Les procureurs américains enquêtent depuis des années sur le pillage du conglomérat pétrolier national Petróleos de Venezuela S.A. (PDVSA), la plus importante source de revenus pour l'économie du pays. Selon un rapport du Parlement vénézuélien, la compagnie pétrolière a détourné plus de 10 milliards de dollars entre 2004 et 2014. Et une partie de l'argent aurait atterri en Suisse, selon le Tages-Anzeiger.
Sur requête américaine, la Suisse a demandé depuis 2014 des documents à une vingtaine de banques locales et bloqué plus de 100 millions de dollars dans deux affaires de corruption concernant PDVSA, a confirmé l'Office fédéral de la justice au quotidien alémanique. Quelque 51 millions ont été transférés aux autorités américaines à la fin de 2016. Dans l'un des cas apparaissent les comptes de Credit Suisse.
Plus de 27 millions de dollars
Au coeur de cette affaire se trouve un groupe de dirigeants du régime socialiste d'Hugo Chavez (de 1999 jusqu'à 2013, année de sa mort), qui aurait versé des millions de pots-de-vin, dont l'argent aurait été transféré sur des comptes suisses.
Parmi eux, Nervis Villalobos Cardenas, vice-ministre de l'Energie jusqu'en 2006, ainsi que quatre autres hauts fonctionnaires. Ils auraient ouvert au moins neuf comptes en Suisse en 2011, dont plusieurs à Credit Suisse, selon l'acte d'accusation américain, rendu public le 12 février. Plus de 27 millions de dollars en pots-de-vin ont ensuite été transférés sur ces comptes jusqu'en 2013.
Aidés par un gestionnaire d'actifs en Suisse
Nervis Villalobos Cardenas a été arrêté à Madrid le 26 octobre 2017, avec trois fonctionnaires de PDVSA. Les procureurs de Houston, où se déroule l'enquête américaine, demandent son extradition. Ils l'ont inculpé, ainsi que les quatre fonctionnaires, pour blanchiment d'argent à grande échelle.
Selon l'acte d'accusation, ces responsables ont bénéficié d'aide en Suisse. C'est un gestionnaire d'actifs, que les enquêteurs américains appellent "Swiss Company A", qui aurait ouvert quatre comptes en Suisse pour Nervis Villalobos Cardenas. Un partenaire de cette compagnie, qui a comparu en tant que "Swiss Banker 1", aurait aidé les hauts-fonctionnaires à inventer de fausses justifications pour les pots-de-vin, tels que des factures pour un travail jamais effectué.
>> Sujet traité dans la revue de presse de La Matinale sur La Première.
fme
"La Suisse est un endroit clé"
"Sur les milliards disparus du Venezuela, une partie importante a atterri à Zurich et à Genève", a affirmé au Tages-Anzeiger le Vénézuélien Martin Rodil, qui travaillait auparavant au Fonds monétaire international. Ce spécialiste de la corruption a aidé un certain nombre d'anciens dirigeants à traiter avec la justice américaine.
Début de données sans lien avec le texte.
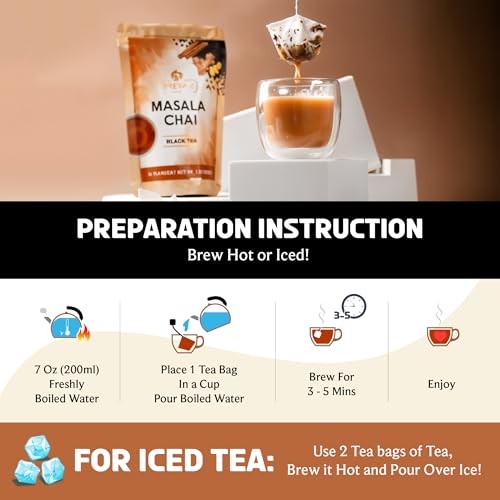 Masala Chai Tea Bags (50 Count)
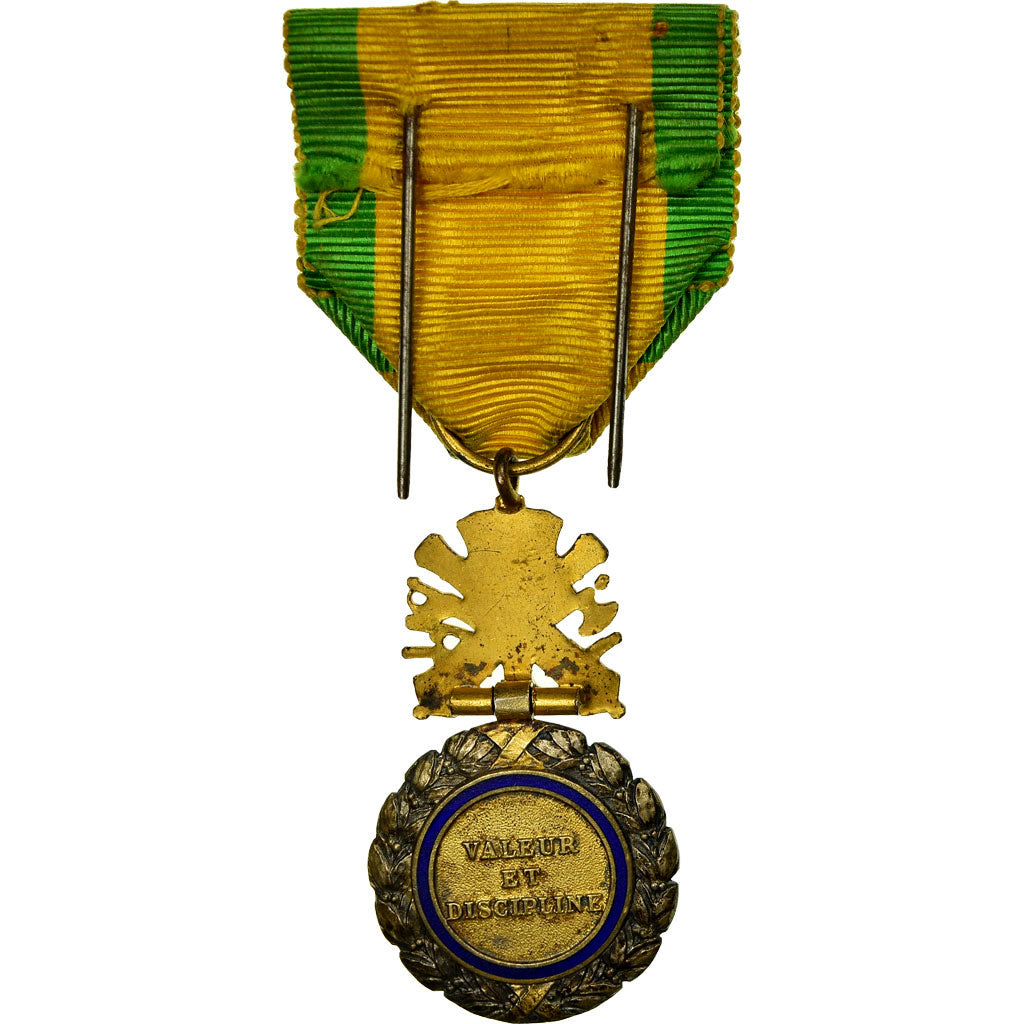 Francia, Troisième République, Valeur et Discipline, medalla, 1870, Muy buen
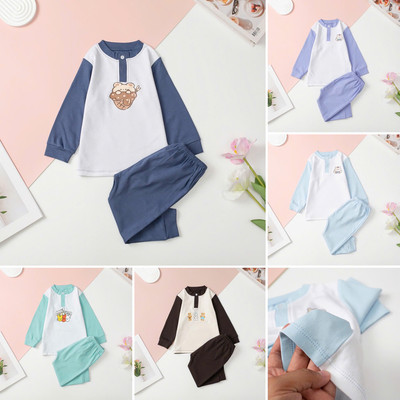 Bộ Sơ Sinh Thu Đông Trơn Màu Cho Bé (Size 6/36 tháng)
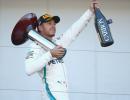 Hamilton wins in Japan; closes in on F1 title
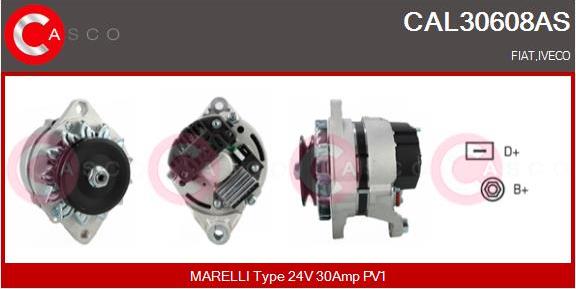 Casco CAL30608AS - Alternator autospares.lv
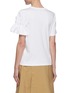 Back View - Click To Enlarge - COMME MOI - Ruffle trim sleeve T-shirt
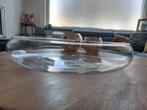 Platte vaas rond, Huis en Inrichting, Woonaccessoires | Vazen, Ophalen, Overige kleuren, Minder dan 50 cm, Glas
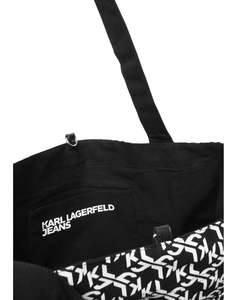 KARL LAGERFELD JEANS KLJ EW REVERSIBLE SHOPPER MONO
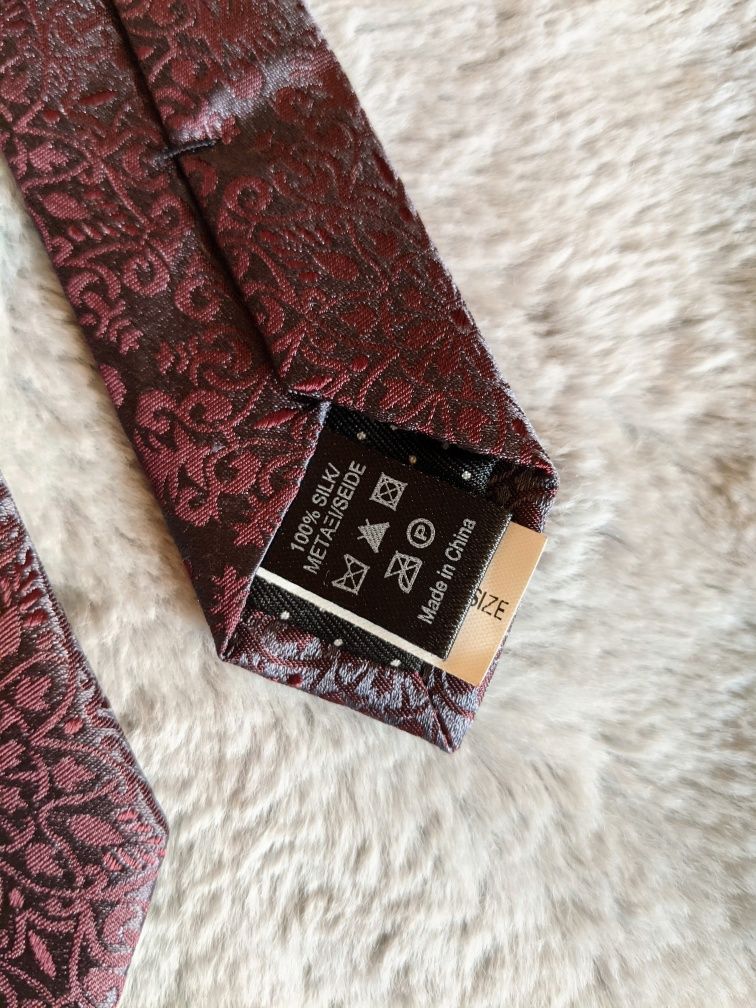 Jedwabny krawat 100% silk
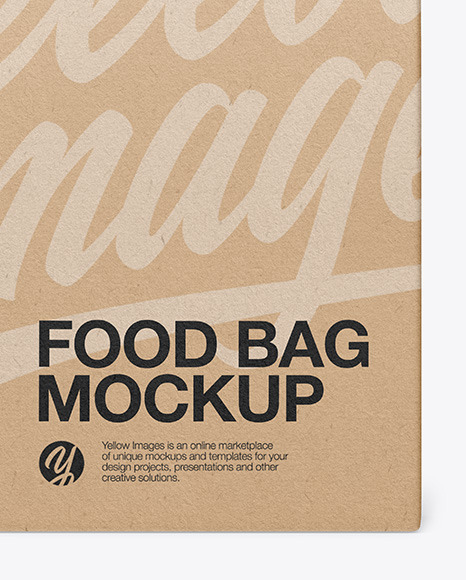 Kraft Paper Food Bag Mockup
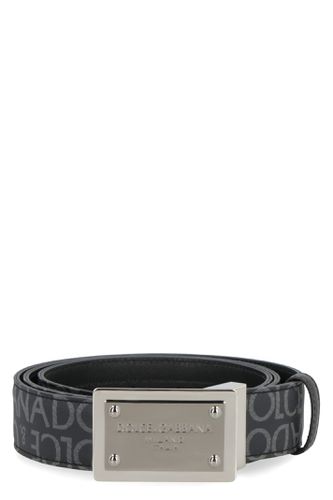 Logo Reversible Belt - Dolce & Gabbana - Modalova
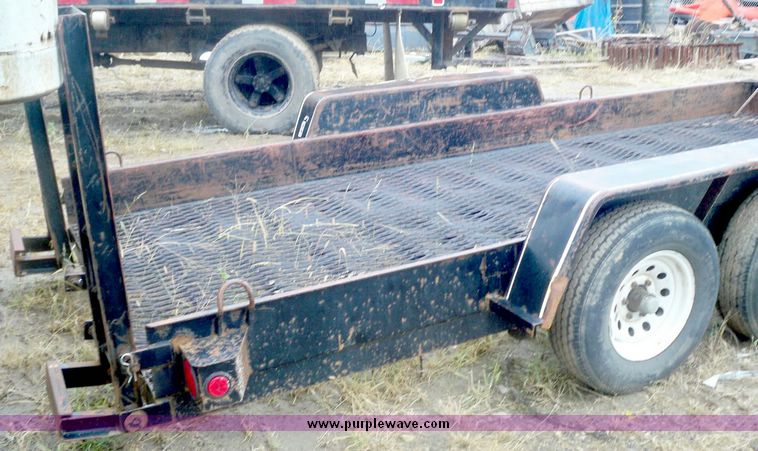 image for item 7522 16' tandem axle trailer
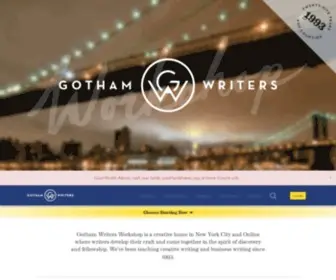 Writingclasses.com(Gotham writers workshop) Screenshot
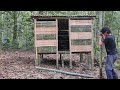 10 DAYS TO BUILD YOUR OWN BAMBOO hut from start to finish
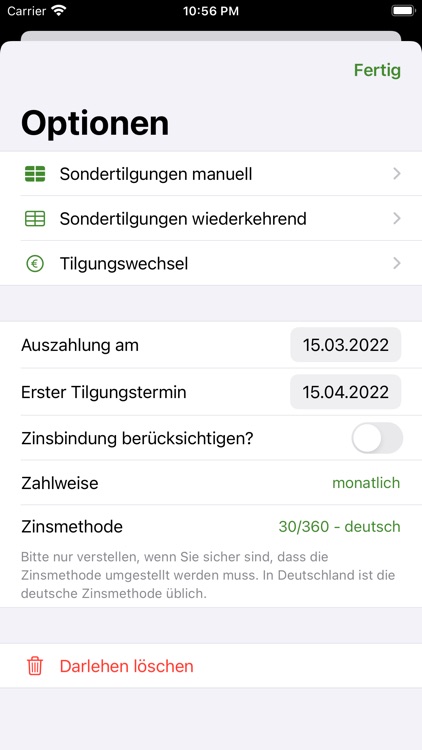 Baudarlehen-Rechner screenshot-4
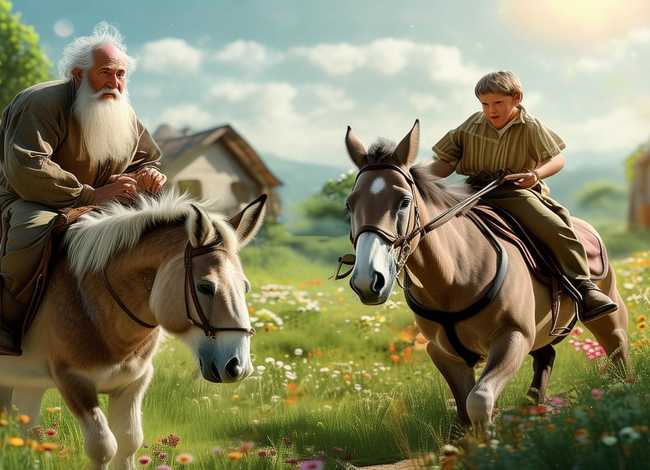 塞翁失马的故事英文版、塞翁失马的故事英文版100字书写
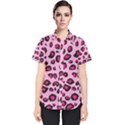 Pink Leopard Women s Short Sleeve Shirt View1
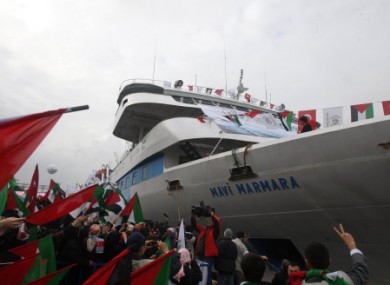 Sunday, Dec. 26, 2010 file photo of the Mavi Marmara.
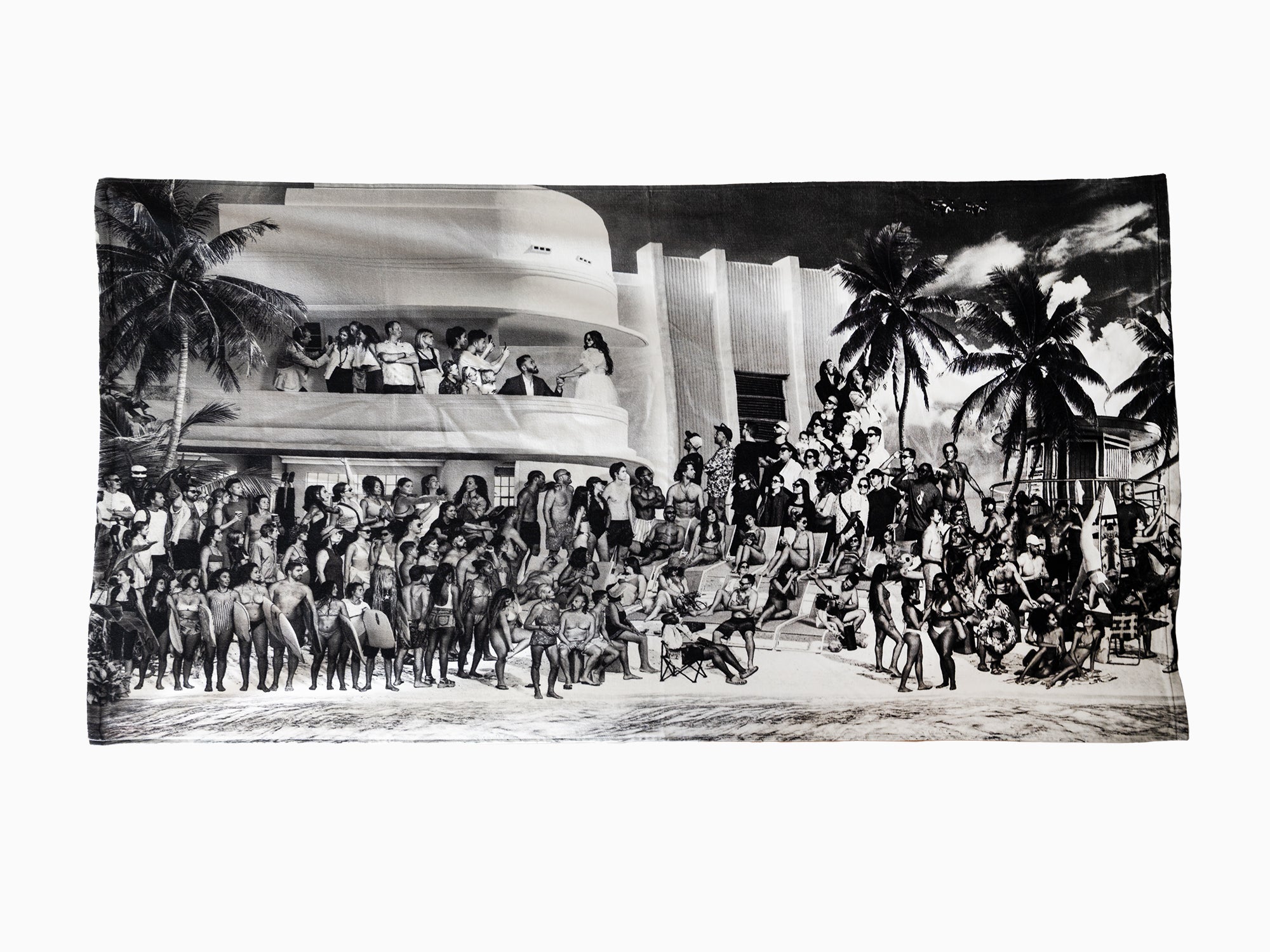 JR - Les chroniques de Miami, USA, 2022 - Serviette de plage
Selon lui, cette affaire ne représente que la pointe de l'iceberg. "La Suisse est un endroit clé pour plusieurs de ces opérations", dit-il dans les colonnes du quotidien alémanique. "Je suis sûr que les autorités suisses comprendront tôt ou tard l'étendue de la corruption vénézuélienne."
Les présidents socialistes Hugo Chavez (1999-2013) et Nicolas Maduro (depuis 2013), qui avaient promis de nettoyer la corruption de la classe dirigeante sont aujourd'hui considérés comme étant aussi corrompus comme leurs prédécesseurs. Selon l'indice de Transparency International, le Venezuela est classé 166e sur 180.